Arriving from Urbino, where it was made, is a rarely seen portrait known as La Muta. It shows a young woman in courtly dress, hair finely plaited, all the usual Renaissance jewellery. She has a very slight cast in her brown eyes, but more than that an appearance of watchful remoteness. One of her fingers is tensely flexed on the bottom edge of the painting, and she sits in encroaching blackness. It is no stretch to imagine that this profound portrait shows a woman who cannot speak or cannot hear, or perhaps both.
Raphael drew from living models. There are tremendous sequences of male nudes straining back a bow to shoot an arrow in battle, except that there is no bow. An exquisite red chalk sketch of a child with its arms upraised, as if about to lift off, will be transformed into an angel. God himself looks an athlete at the end of a race, arms triumphantly outflung.
And the more you look at Raphael’s drawings, so peerless, so lithe in their descriptive power, so quick with the maker’s touch, the more you see how the sight of life affects his paintings. For every idealised Madonna, there is a real mother touching, holding, guiding, cradling, protecting a real infant. Is there a more beautifully instinctive painting of a mother holding her baby than The Tempi Madonna from Munich?
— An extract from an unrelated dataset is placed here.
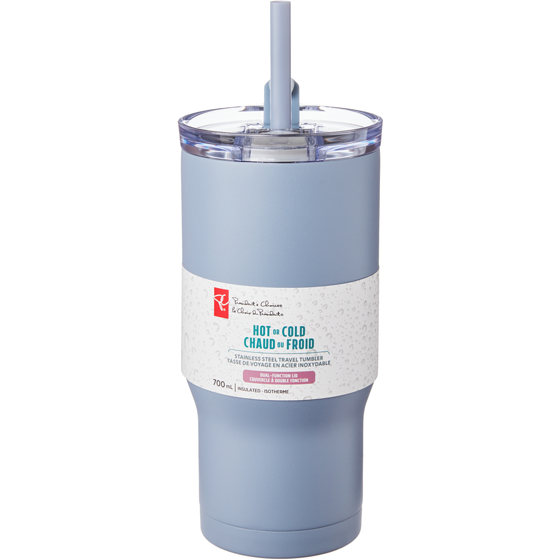 le Choix du Président Gobelet de voyage Paynes en acier inoxydable, 24 oz, gris 1 ea, 17,00 $/1ch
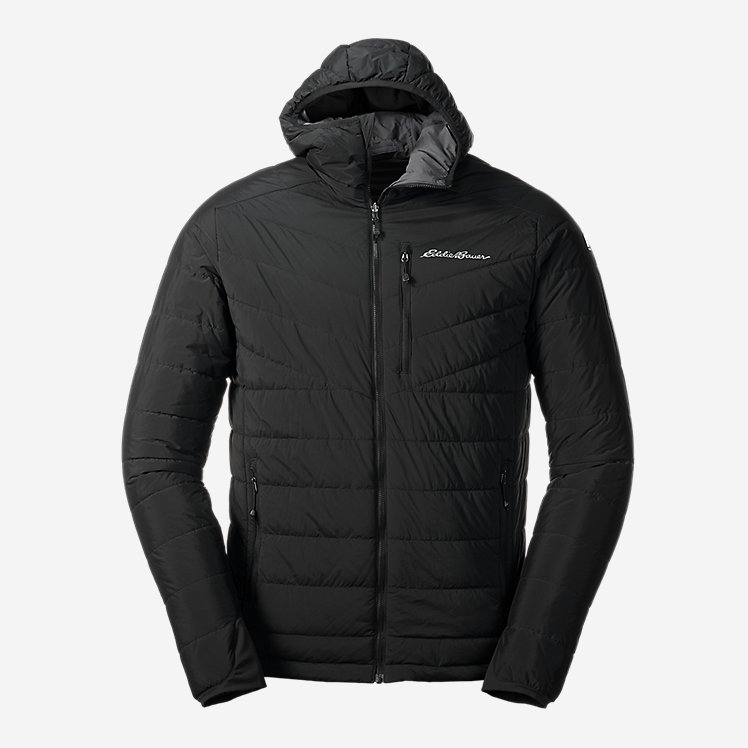 Men's IgniteLite Stretch Reversible Hooded Jacket large version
He is three or four months old, growing plump and upright, and just edging towards an independence she carefully supports with one hand below his bottom and the other round his back. It is affecting to think that Raphael, an orphan with no children, saw and depicted this intimacy with such closeness.
And that tenderness is there in his portraits of men as well as women. Raphael’s friend Bindo Altoviti turns dramatically towards us with his liquid blue eyes and long blond hair. Look at the downy sideburns descending almost to his jaw and you are seeing Raphael, transfixed, seduce you too with his brush until you could reach forward and stroke that cheek. Was there ever a portrait more tactile, irresistibly calling on the sense of touch?
If the sight of life deepens his art, so does personal insight. A high point of this show is Raphael’s startling painting of his great friend Baldassare Castiglione, diplomat, humanist and celebrated author of The Book of the Courtier. The face is all open intelligence and sensitivity; the demeanour a perfect expression of “sprezzatura”, that effortless grace recommended in Castiglione’s book. But the portrait has an immediacy quite unlike anything in Raphael’s idealised art. Titian, Rembrandt and Ingres all based portraits on the originality of Raphael’s half-turned, conversational composition. But most unique is the notch in the black hat, with its extraordinary zigzag sharpness: open like a speaking mouth.